» REQUIRED ACTION:
After dropping the pictures, give again exactly the lines of the data from its first line through the line with "Photo 1 of B-Air", which is included as well.

── DATA EXTRACT ──

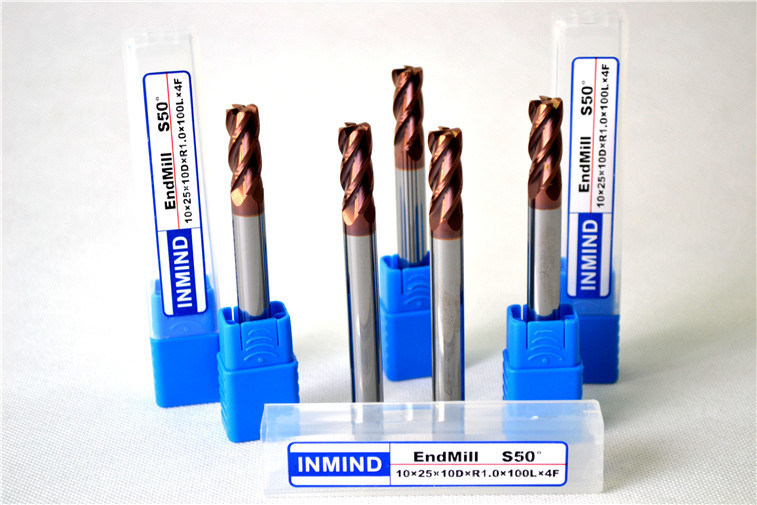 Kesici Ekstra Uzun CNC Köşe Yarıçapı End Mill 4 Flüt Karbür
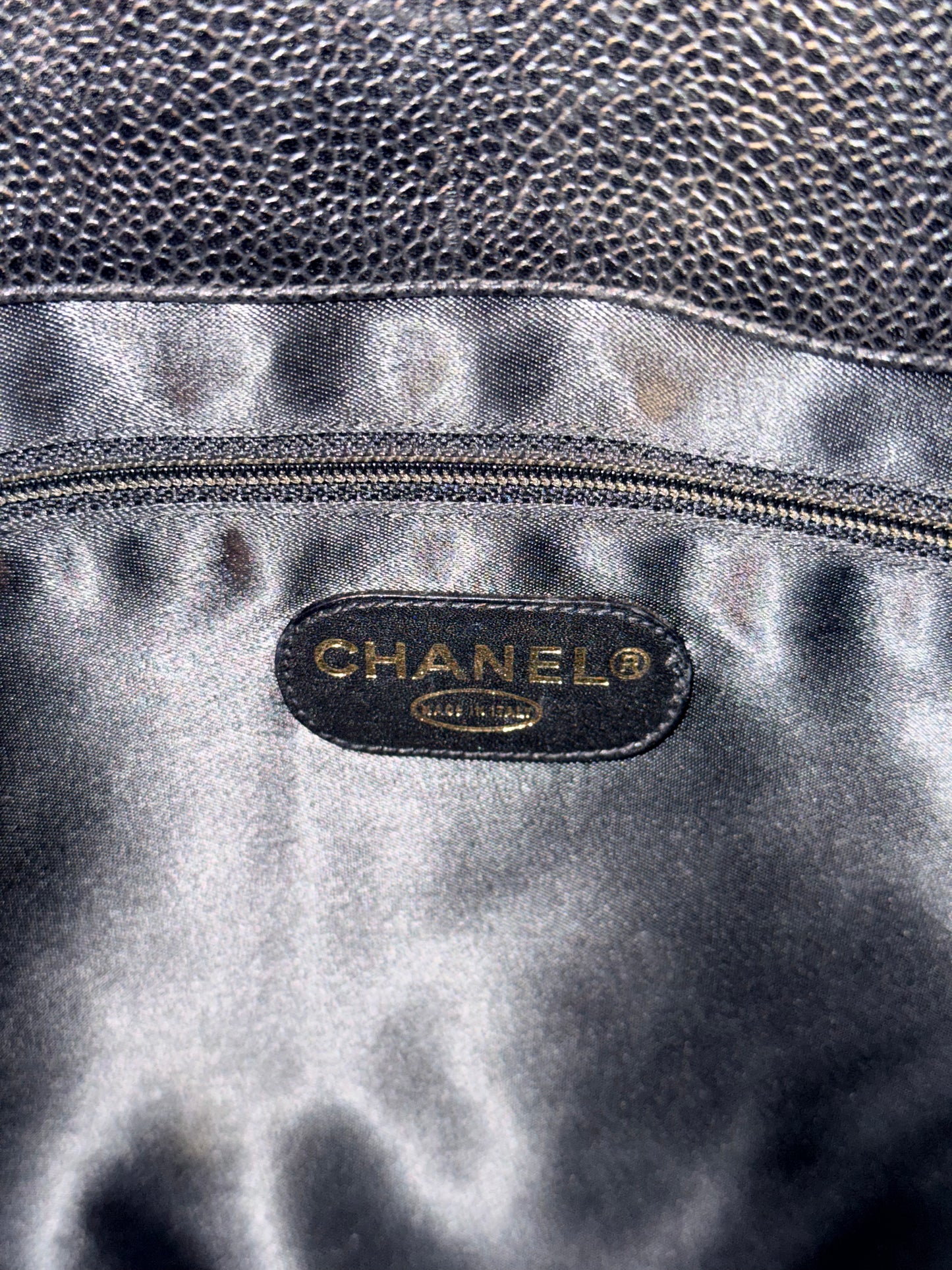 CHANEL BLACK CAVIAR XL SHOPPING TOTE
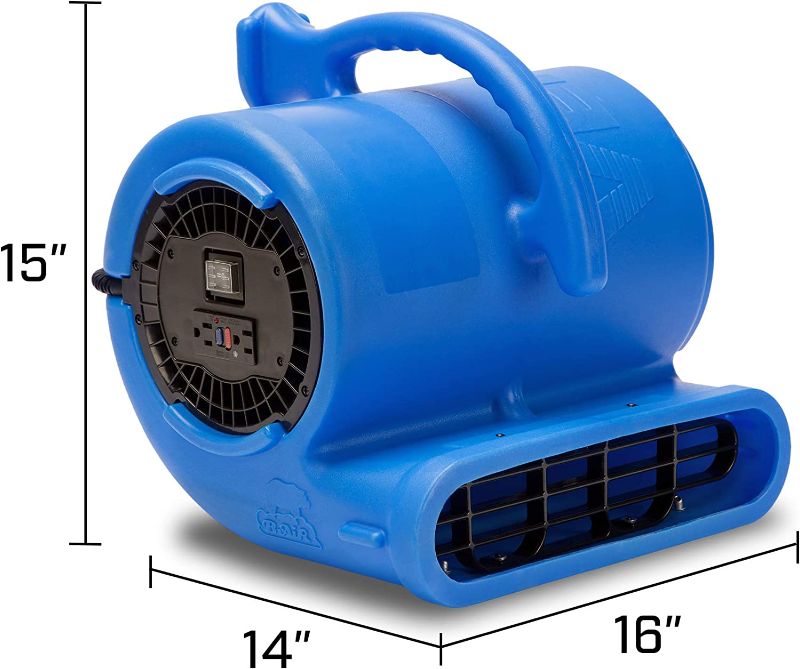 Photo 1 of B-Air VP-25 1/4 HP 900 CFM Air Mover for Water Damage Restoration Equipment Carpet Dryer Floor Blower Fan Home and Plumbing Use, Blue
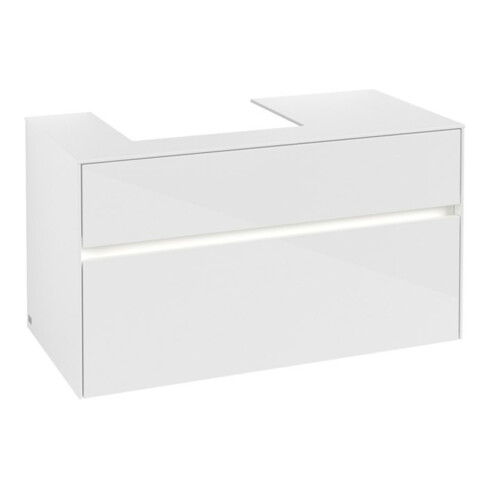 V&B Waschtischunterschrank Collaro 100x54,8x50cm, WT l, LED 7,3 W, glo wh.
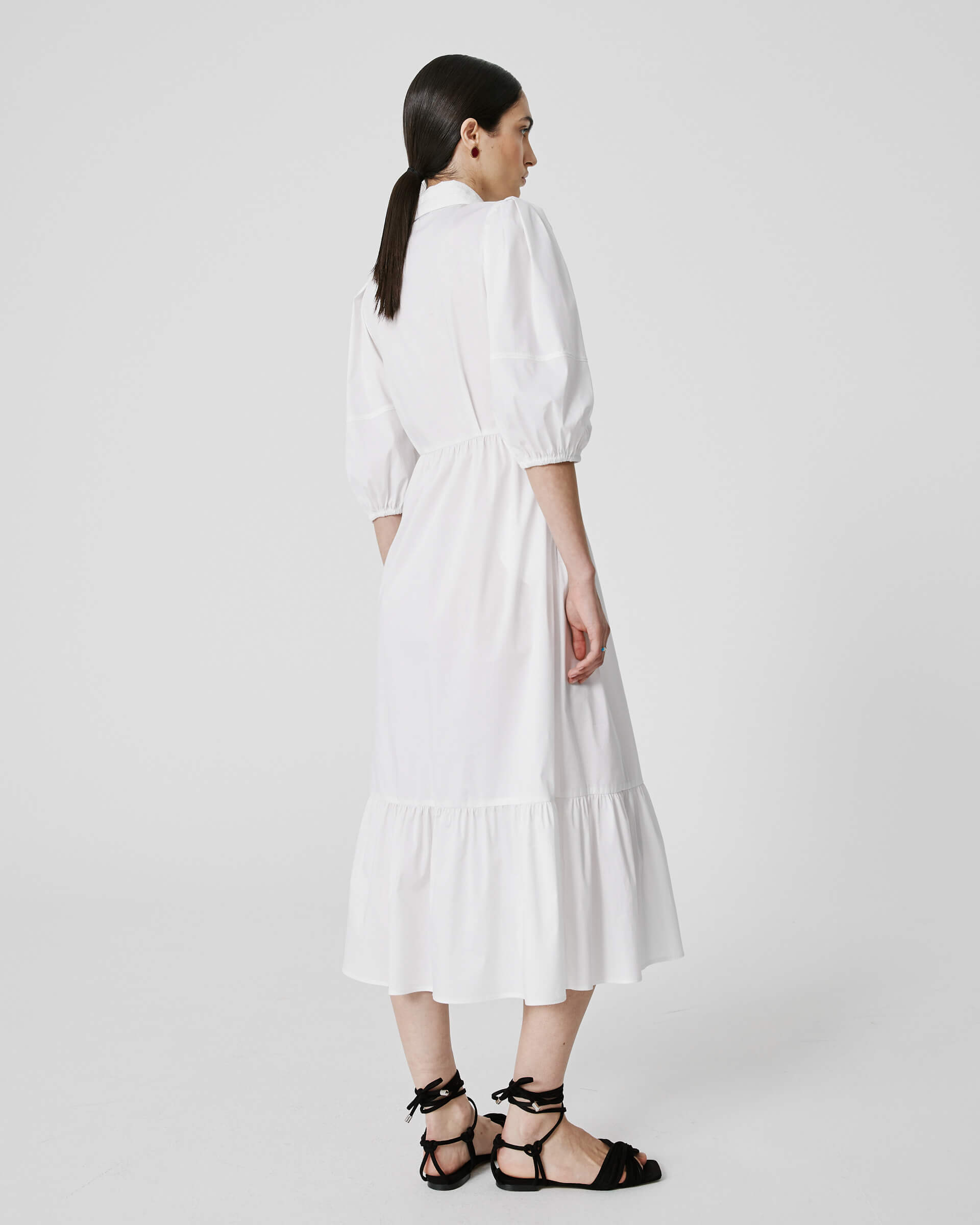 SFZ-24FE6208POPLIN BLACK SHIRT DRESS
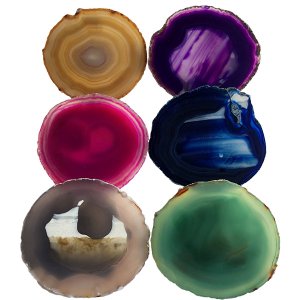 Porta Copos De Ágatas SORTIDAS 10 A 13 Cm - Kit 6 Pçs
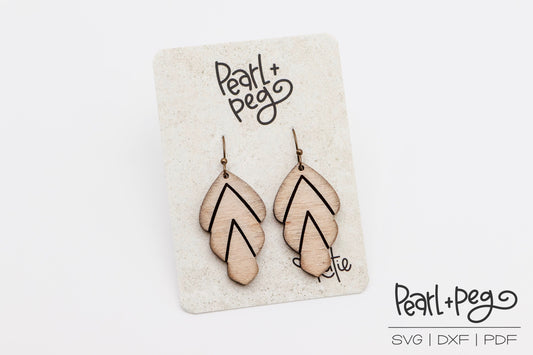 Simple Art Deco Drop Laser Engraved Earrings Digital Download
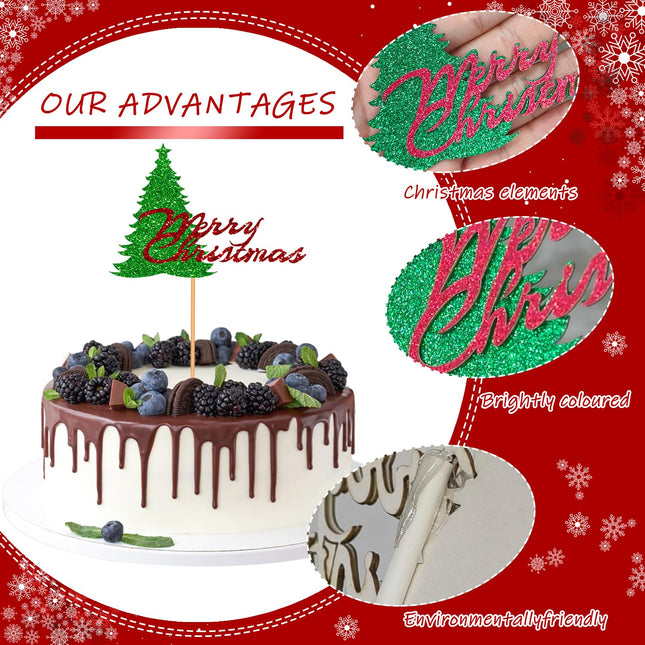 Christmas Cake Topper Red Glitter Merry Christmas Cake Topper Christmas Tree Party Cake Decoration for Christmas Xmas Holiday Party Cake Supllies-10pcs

───

» ANSWER TO THE PROBLEM:
 Kesici Ekstra Uzun CNC Köşe Yarıçapı End Mill 4 Flüt Karbür
 CHANEL BLACK CAVIAR XL SHOPPING TOTE
 Photo 1 of B-Air VP-25 1/4 HP 900 CFM Air Mover for Water Damage Restoration Equipment Carpet Dryer Floor Blower Fan Home and Plumbing Use, Blue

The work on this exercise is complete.